Clearly this can’t go on, but what I don’t understand is how it might have got worse.
I can remember a time when many of our care workers were from the EU (and we are told our NHS would collapse if not for foreign workers), so are they initially going into care work, and then moving on when they find something better?
And if local MONEY is the problem, why does Labour currently tell us that they can cut £500 million from the Communities and Local Government Budget from 2016/7 to go to the front line, when all these local authorities we are told we need to DEVOLVE MORE POWER TO, currently are clueless how to save that money themselves?
We need to review the Zero Hours contracts in this profession and raise the wages of care workers, as many other front line staff; the problem being is that many taxpayers aren’t getting salary rises either – so what a shame when the money was there, according to this link, the ‘few’ like consultants and GP’s, not the NHS ‘many’ at the bottom of the pay scale, got a huge slice of the record increase in the NHS budget.

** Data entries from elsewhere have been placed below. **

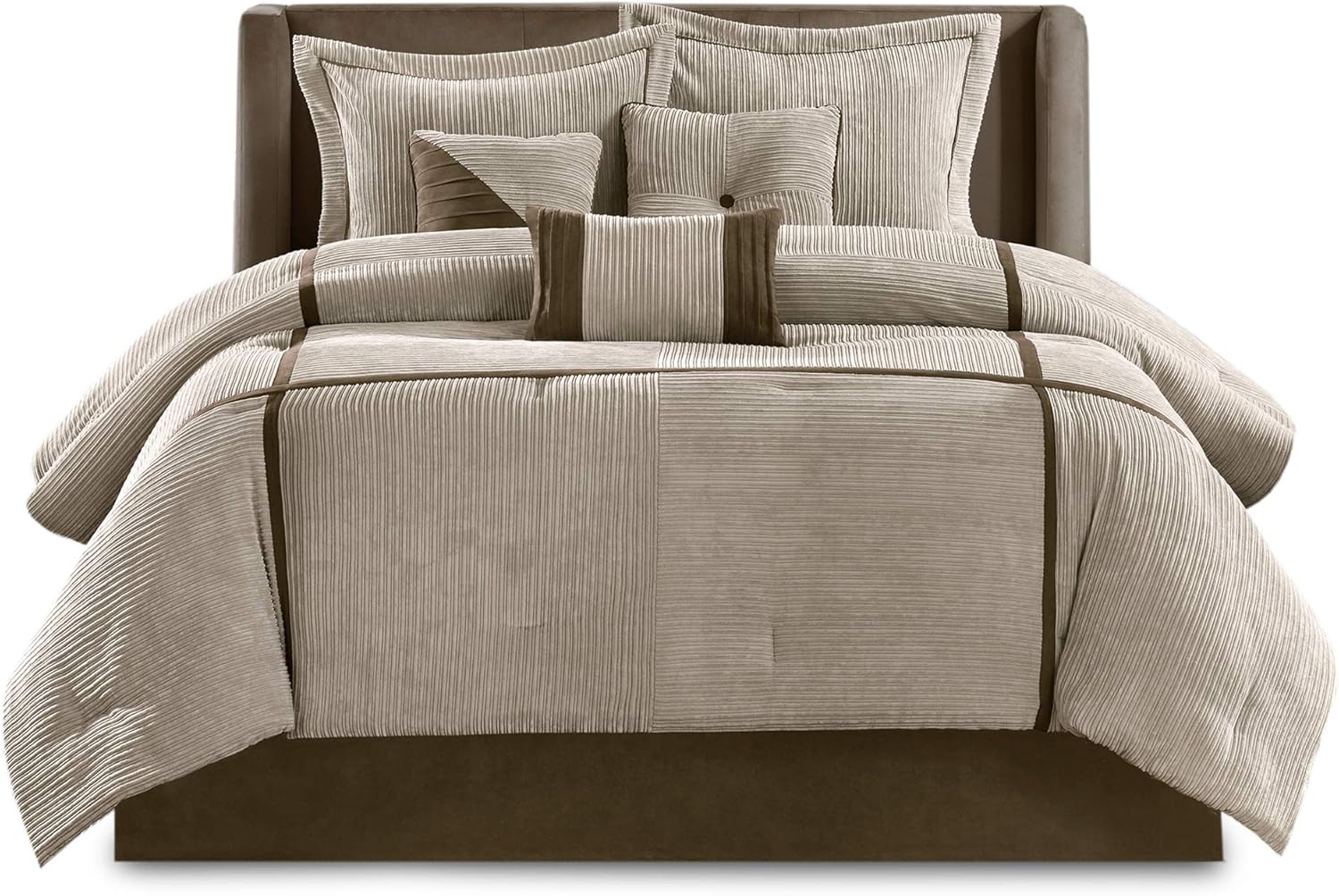 Madison Park Cozy Comforter Set Casual Blocks Design All Season, Matching Bed Skirt, Decorative Pillows, King(104"x92"), Dallas Corduroy, Taupe Brown, 7 Piece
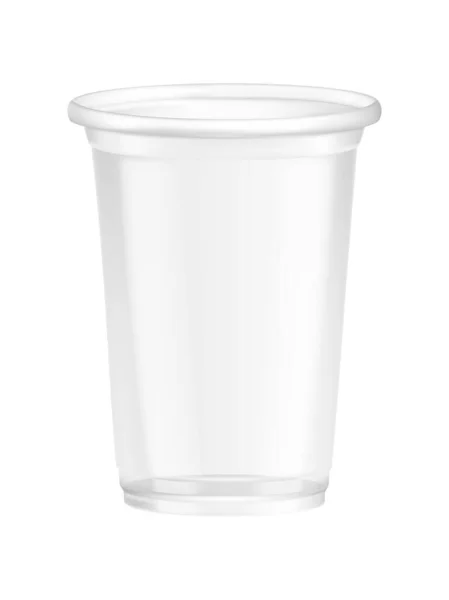 Transparent Disposable Plastic Glass Composition Isolated Image Beverage Container Blank — Stock Vector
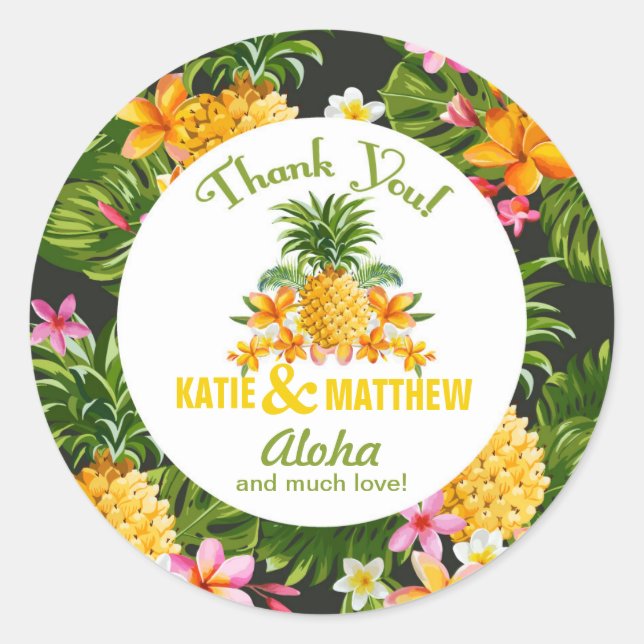 Luau Beach Tropical Floral Thank You Label (Front)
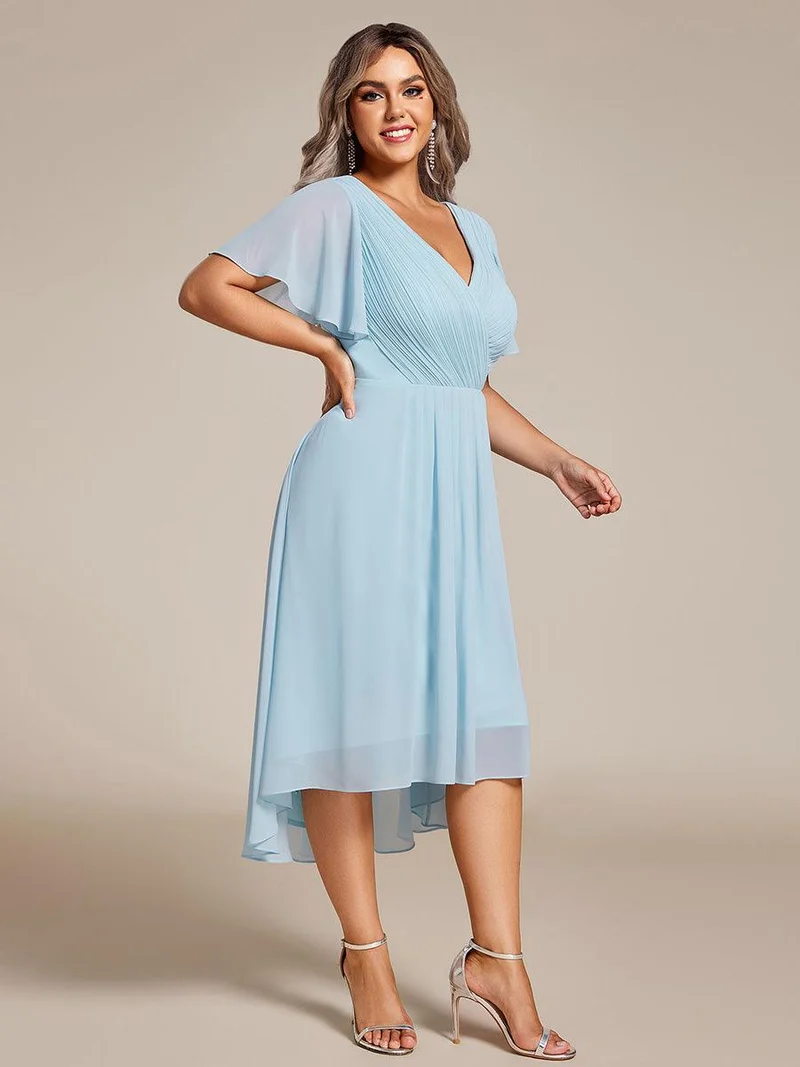 pretty FAYE|Robe d'invité de mariage grande taille chic à col en V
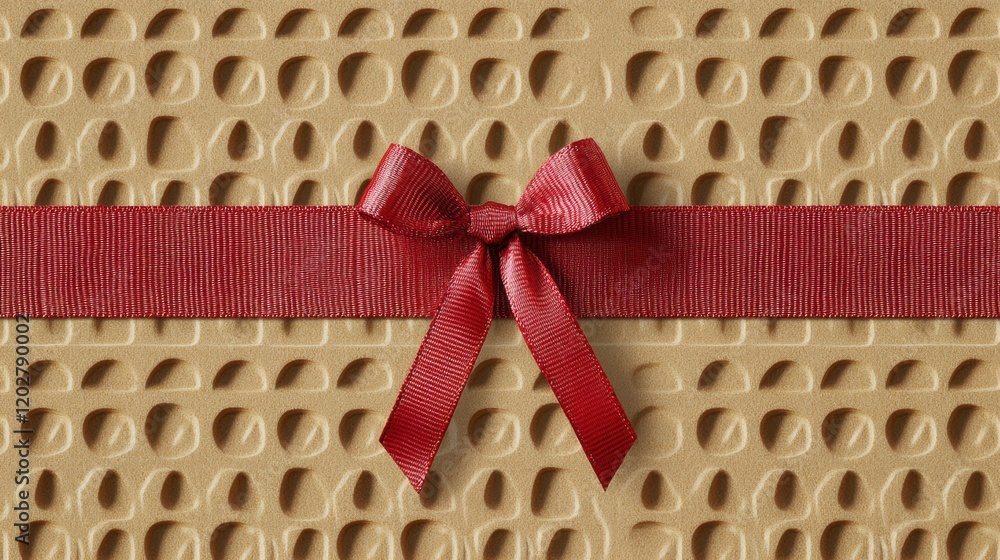 Aufkleber gift box wrapped with a vibrant red ribbon set against a textured golden background. generative ai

May 2007; “Blair's legacy: Health”
news.bbc.co.uk/1/hi/health/4555344.stm
“No government has ever invested more in the health service than Labour under Blair and yet the NHS is mired in deficits with patients taking to the streets to prevent the closure of their local hospitals.”
“Joyce Robins, of Patient Concern, said: "I feel sorry for Blair, but the money has been wasted."
“This seems to be the crux of the issue. The public was promised record amounts of money would flow into the NHS. And so it has.”
“But the problem is it has not necessarily gone where many would expect.”
“Once pay hikes - consultants and GPs have both received lucrative increases - covering for deficits and rising drug costs are taken into account, the 7% budget increases actually equate to about 2% for services, according to the King's Fund.”
”Surveys have repeatedly shown that when asked what they think of the NHS people reply it is in crisis.”
So if Labour keeps the NHS in ‘crisis’ when money is no object, how can they manage it on a tight budget, UNLESS they AGAIN keep raising a broad range of taxes (including Council Tax), which hardly helps the 'cost of living crisis'.